Gauteng DestinationsJohannesburg Central, Johannesburg
Jo’burg’s inner city has had its share of stigma. The 1990s, after the Group Areas Act was scrapped, brought thousands of people who had been forbidden to live here, into the city centre, many of them immigrants from war torn African nations and others from surrounding black townships. Crime levels rose, the state of many buildings in Johannesburg’s centre deteriorated and business fled to the northern suburbs and Sandton. Johannesburg’s centre became a problem.
But government has been quick to revive the city centre. Drastic measures to reduce crime and a whole urban development effort, including a tax incentive scheme aimed at encouraging inner city renewal, are reviving the inner city. The beautiful arc that is the Nelson Mandela bridge, which leads across to the Market Theatre, touted as the city’s cultural focus, was just the beginning.
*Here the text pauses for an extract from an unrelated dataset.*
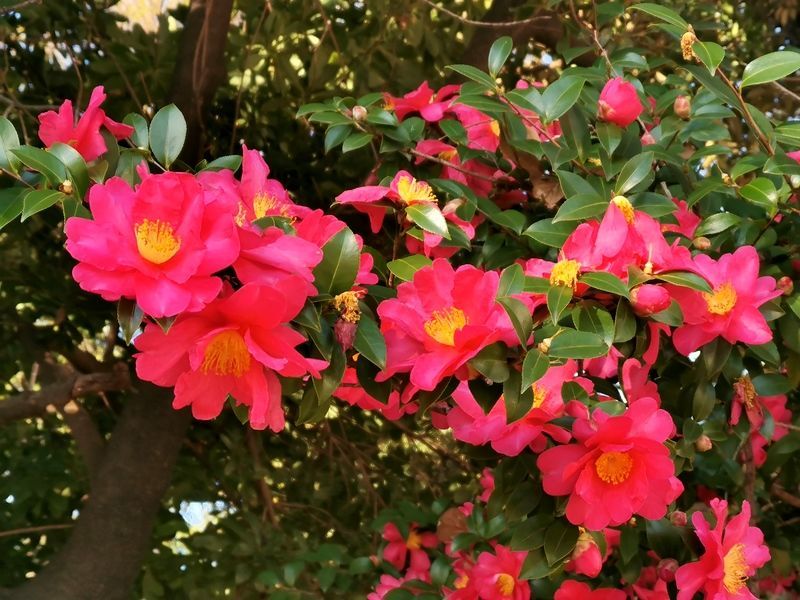 世界杯2022外围预选赛直播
The draft inner city charter is incredibly ambitious and in its scope it commits to some 77 deadlines that will turn Jo’burg central into a safe, flourishing and liveable city. Included in these plans are 5000 short-term accommodation units and 50 000 affordable flats. Plans for more visible policing as well as the refurbishing of streets and the planting of trees to make the streets of Johannesburg walkable are also planned.
Johannesburg’s inner city is dynamic and things change by the minute. Whilst it may have been ‘off limits’ for the past decade, Newtown’s regeneration and private redevelopment of historical office buildings in the city’s financial district have combined to make elements of the city attractive. And there are other attractions like the planetarium and the Johannesburg Fort, a tour of the old prison fort where famous activists were held prisoner.